Tips for Implementing Internal Controls 

You don’t need to break the bank to use internal controls in your AP process. It simply takes a little time and effort. Here are a few ways to get started:

  1. Establish transaction limits and have supervisors sign off on large amounts.
  2. Record and re-evaluate your AP processes annually.
  3. Do not limit your resources to one employee in the event of unforeseeable circumstances, like sickness or job loss. Make sure a few people understand how the operation works.
  4. Reconcile key accounts monthly, then have a third party review them, including:
    • Receivables
    • Cash
    • Payables
    • Inventory
    • Payroll
  5. Restrict access to the general ledger.
  6. Assign an individual to review standard and nonstandard journal entries.
  7. Update the vendor list to ensure it is current and accurate.
  8. Form a policy for customer credit (with limits). Review it regularly.

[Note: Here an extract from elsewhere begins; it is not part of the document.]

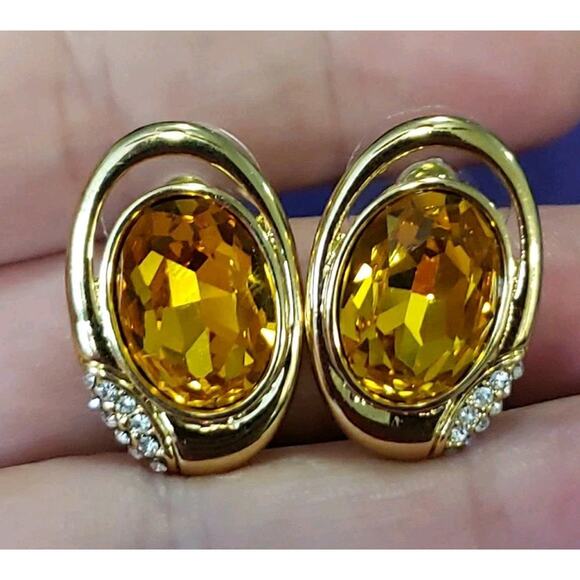 Butterscotch Yellow Rhinestone Crystal Earrings Classy Glam Gold Tone Pierced - Picture 3 of 8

Putting internal controls to work doesn’t have to be a daunting task and you don’t need to hire more people. Start by picking a few controls you can easily weave into regular operations. 

Begin implementing more changes over time and adjust those that aren’t working. Before you know it, aspects of internal controls will become commonplace.

Internal Controls and AP Technology

When you begin developing an infrastructure for internal controls, it can increase the workload for employees and the chances for fraud. This is why you want to examine internal controls as a universal system. Each control is part of a greater good.

Automation is the answer to streamlining workflows and increasing AP efficiency. There are plenty of opportunities to reduce time spent on tasks, cut back on manual labor, and apply the appropriate segregation of duties. This gives a business more room to focus on high-risk areas, increases employee satisfaction, and develop strong vendor relationships.